En 2024, cinq fabricants majeurs d'équipements ont vendu pour 38 milliards de dollars de technologies à la Chine.
Des ventes qui sapent la sécurité nationale américaine
Le rapport parlementaire américain, issu de la commission sur la concurrence avec le Parti communiste chinois, est sans équivoque. Il affirme que les entreprises visées "accroissent leurs profits au détriment de la sécurité des États-Unis".
Le document épingle trois sociétés américaines (Applied Materials, KLA Corporation, Lam Research), mais cible surtout le géant néerlandais ASML et son concurrent japonais Tokyo Electron.
L'accusation est grave : ces entreprises auraient vendu des équipements de pointe à des entités chinoises considérées comme une menace, y compris certaines soupçonnées d'être liées à l'armée.
Au total, le marché chinois représente 39% des revenus de ces cinq leaders mondiaux, montrant une dépendance économique qui complique l'équation géopolitique.
ASML et Tokyo Electron : les grands gagnants des restrictions ?
Le rapport suggère un effet pervers des sanctions américaines. En resserrant l'étau sur ses propres entreprises, Washington aurait involontairement ouvert un boulevard commercial pour ses concurrents européens et japonais.
Le cas d'ASML est particulièrement frappant. En 2024, l'entreprise a vendu 70 % de ses systèmes de lithographie par ultraviolets profonds (DUV) à la Chine, contre seulement 26 % deux ans plus tôt.
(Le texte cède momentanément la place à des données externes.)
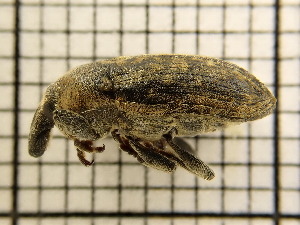  ( - UM_AAAA_00688)  @11 [ ] by-nc-sa (2023) Sebastien J. Puechmaille University of Montpellier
Ces machines sont des outils extrêmement sophistiqués et indispensables pour graver les circuits sur les plaquettes de silicium (ou wafers) qui deviendront des semi-conducteurs.
Parmi les principaux clients de ces fournisseurs entre 2022 et 2024 figure le champion chinois des puces, SMIC, une entreprise que Washington soupçonne de collaborer étroitement avec l'appareil militaire de Pékin.
Ces ventes sont donc perçues comme un moyen pour la Chine de contourner les blocages et de poursuivre sa course à l'autonomie technologique.
Vers un durcissement inévitable des contrôles à l'exportation
Face à ce constat, la commission parlementaire prévient que "la Chine met tout en œuvre pour développer une industrie nationale de semi-conducteurs qui soit autonome".
Une autonomie qui, selon les auteurs, servirait directement des projets militaires menaçant les intérêts américains. Le rapport utilise des termes forts, alertant que les équipements vendus sont "de quoi forger des armes et des outils de surveillance du futur".
La principale recommandation est donc de changer de paradigme. Plutôt que de limiter uniquement l'exportation des puces les plus avancées, les parlementaires appellent à restreindre en amont l'accès à tous les outils de fabrication, renforçant certaines restrictions déjà mises en place sur l'exportation des équipements de lithographie EUV et DUV, couvrant ainsi le matériel récent mais aussi plus ancien.
Cette nouvelle étape passerait inévitablement par une meilleure harmonisation des contrôles à l'exportation avec les alliés stratégiques, notamment les Pays-Bas et le Japon, pour créer un front commun et véritablement efficace.